I didn’t paint again today. I have to certainly tomorrow, I don’t want to keep delaying.

Instead I decided to implement read only volumes into faasd. I dived head first into Go. Having never done anything with it before. Learned how to do everything I needed to this evening and have started the proposal in the faasd repo to implement the change. I’m very happy. I want this for cAdvisor, as I don’t think it’s a good idea to mount the whole filesystem onto cAdvisor. What if the container crashes? What if it sudo rm -rf? I don’t know how it works or what google are up to. All I know is they advise to use readonly volumes and now that is possible on faasd. Quite happy with myself to be honest.

I did that this evening instead of eating so it’s going to be a really quick and late dinner.

I think I’ll park the functions platform for a little bit, at least until I get a response on my issue for faasd. To summarise my progress so far I’ve learned how to set up faasd on hetzner (terraform in scope, not done), how to set up grafana, loki, and promtail to do all of my monitoring dashboards, I’ve learned how the inside of faasd works, and I’ve deciphered my previous workerd work, to add the next level of the platform. I think it’s quite good progress. I just really want to pick usedteslas back up again.

One thing that all the buzz has been about is Bun, as they released v1 this week. I was going to add a note about it yesterday but yesterdays entry was long enough. I need to give it a go, because I like the idea of a decent speed increase in my js projects. Astro actually doesn’t have the warning on the Bun website about node specific API’s so that’s promising. I also wonder if Bun will work form my workerd stack. That’ll be a next week exploration.

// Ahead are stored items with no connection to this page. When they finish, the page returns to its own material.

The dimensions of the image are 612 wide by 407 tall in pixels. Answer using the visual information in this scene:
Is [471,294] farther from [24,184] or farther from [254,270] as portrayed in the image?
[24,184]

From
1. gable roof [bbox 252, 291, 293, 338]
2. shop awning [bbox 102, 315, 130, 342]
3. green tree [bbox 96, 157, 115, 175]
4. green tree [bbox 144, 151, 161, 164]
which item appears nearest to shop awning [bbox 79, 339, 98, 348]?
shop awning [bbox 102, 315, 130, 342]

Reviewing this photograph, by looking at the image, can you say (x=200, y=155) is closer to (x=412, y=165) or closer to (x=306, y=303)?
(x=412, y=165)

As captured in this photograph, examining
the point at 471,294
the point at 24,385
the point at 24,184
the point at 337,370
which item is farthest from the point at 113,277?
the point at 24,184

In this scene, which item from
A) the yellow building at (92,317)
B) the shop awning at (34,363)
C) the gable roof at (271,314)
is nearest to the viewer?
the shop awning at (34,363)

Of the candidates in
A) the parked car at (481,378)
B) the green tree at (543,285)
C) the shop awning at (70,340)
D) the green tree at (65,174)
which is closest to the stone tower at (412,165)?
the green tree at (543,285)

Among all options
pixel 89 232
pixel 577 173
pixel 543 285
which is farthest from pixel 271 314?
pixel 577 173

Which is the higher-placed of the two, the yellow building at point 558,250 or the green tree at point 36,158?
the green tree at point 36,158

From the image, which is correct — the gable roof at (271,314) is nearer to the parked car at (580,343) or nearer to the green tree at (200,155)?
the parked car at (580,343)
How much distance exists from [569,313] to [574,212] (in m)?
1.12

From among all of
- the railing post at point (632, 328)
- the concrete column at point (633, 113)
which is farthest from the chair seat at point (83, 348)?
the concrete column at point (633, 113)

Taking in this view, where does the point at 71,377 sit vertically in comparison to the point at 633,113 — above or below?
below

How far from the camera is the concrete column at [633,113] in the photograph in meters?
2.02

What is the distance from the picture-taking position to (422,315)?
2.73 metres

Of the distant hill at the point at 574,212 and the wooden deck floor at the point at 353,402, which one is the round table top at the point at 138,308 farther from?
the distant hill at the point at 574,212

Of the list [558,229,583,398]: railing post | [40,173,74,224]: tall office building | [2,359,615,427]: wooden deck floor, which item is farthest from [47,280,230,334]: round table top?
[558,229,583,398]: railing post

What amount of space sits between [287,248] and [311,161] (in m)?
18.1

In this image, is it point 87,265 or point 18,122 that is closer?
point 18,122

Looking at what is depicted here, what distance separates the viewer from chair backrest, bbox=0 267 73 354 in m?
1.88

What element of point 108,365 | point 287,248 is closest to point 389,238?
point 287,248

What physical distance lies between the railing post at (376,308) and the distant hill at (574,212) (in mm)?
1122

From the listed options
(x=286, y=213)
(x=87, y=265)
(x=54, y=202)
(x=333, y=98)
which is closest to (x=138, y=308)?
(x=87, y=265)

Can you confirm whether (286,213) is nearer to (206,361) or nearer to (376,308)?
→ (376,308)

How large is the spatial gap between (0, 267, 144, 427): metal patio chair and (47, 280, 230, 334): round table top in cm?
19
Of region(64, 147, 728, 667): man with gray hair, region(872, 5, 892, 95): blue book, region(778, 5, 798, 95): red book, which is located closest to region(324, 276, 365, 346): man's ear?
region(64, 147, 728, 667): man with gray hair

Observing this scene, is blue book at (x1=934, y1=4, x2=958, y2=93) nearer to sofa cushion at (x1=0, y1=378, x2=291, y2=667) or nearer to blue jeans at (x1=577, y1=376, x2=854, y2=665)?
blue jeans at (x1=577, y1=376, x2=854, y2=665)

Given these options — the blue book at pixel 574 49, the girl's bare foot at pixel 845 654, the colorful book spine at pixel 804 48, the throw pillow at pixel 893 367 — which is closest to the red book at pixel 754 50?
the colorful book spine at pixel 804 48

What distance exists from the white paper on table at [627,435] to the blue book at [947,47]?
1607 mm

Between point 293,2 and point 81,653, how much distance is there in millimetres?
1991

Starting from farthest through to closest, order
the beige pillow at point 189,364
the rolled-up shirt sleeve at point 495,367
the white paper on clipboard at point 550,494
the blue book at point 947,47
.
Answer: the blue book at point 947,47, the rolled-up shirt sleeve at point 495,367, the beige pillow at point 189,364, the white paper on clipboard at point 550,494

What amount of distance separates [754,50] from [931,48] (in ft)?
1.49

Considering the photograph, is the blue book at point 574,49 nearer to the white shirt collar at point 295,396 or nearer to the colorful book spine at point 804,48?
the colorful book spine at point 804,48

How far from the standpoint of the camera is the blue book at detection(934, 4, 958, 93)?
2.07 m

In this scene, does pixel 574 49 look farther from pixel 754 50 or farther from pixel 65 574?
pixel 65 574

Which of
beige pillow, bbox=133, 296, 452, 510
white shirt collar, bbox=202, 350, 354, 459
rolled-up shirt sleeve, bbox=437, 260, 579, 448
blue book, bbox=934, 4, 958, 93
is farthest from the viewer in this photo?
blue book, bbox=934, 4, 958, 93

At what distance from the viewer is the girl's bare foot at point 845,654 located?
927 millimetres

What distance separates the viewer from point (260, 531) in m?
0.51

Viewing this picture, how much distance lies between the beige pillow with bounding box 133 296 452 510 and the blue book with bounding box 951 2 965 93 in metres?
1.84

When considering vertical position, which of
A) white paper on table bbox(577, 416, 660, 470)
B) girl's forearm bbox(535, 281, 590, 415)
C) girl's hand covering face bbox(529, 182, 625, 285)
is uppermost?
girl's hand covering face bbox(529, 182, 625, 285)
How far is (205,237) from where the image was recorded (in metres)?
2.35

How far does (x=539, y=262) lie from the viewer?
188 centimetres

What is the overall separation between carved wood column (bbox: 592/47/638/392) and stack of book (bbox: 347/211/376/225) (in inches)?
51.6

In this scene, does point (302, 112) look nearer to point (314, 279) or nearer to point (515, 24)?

Outside of all that I’ve been considering functional design aesthetics and how this has influenced the way people talk about design, especially in the tech world. I have a big problem with this, that should be a blog post at some point. The crux of the issue is that there is a presumed dichotomy of form and function. Your design can be highly functional and fulfil all of it’s requirements to the best of its ability, or it can be cute and colourful, playful and interesting. There is a school of thought that seems to pursue the former, giving rise to minimalism, brutalism, and function, as a sought after aesthetic. It’s followers dismiss design for form’s sake as, even though it’s aesthetic qualities are at the forefront of it’s intention and purpose, they seem to prefer their design to seep through the gaps of function, presenting itself under the surface of something that does what it is supposed to do. They want beauty in design subtly rather than explicitly. They like it when their designers say “I just wanted to make the most useful and bestest tool for the job, it’s a coincidence that it looks great” so they all pretend that they only care about function and not the form. I blame Dieter Rams, who is the most commonly quoted designer in this school of thought, harshly too, I believe he didn’t intend for it to result in this. Dieter Rams is a truly talented artist at design. He put technology in the background so that the experience that the user could have was in the foreground. And that is exactly what all of those utilitarian function over form designers misunderstand. They read the 10 principles of good design and ignore the subtext of it all. The assumed variable. The thing that breaks the dichotomy. That emotion is the third factor in design. That the feeling of the user should be the first thing considered in the design process, and carefully balanced to produce form and function that creates the emotion in the user. We need websites to look beautiful because this puts the technology in the background, shielding users from the cognitive load in understanding how the technology works, and lets them be free to feel what you want them to feel. I don’t know if I start giving examples I’ll be here all night. I’ll leave it here for now.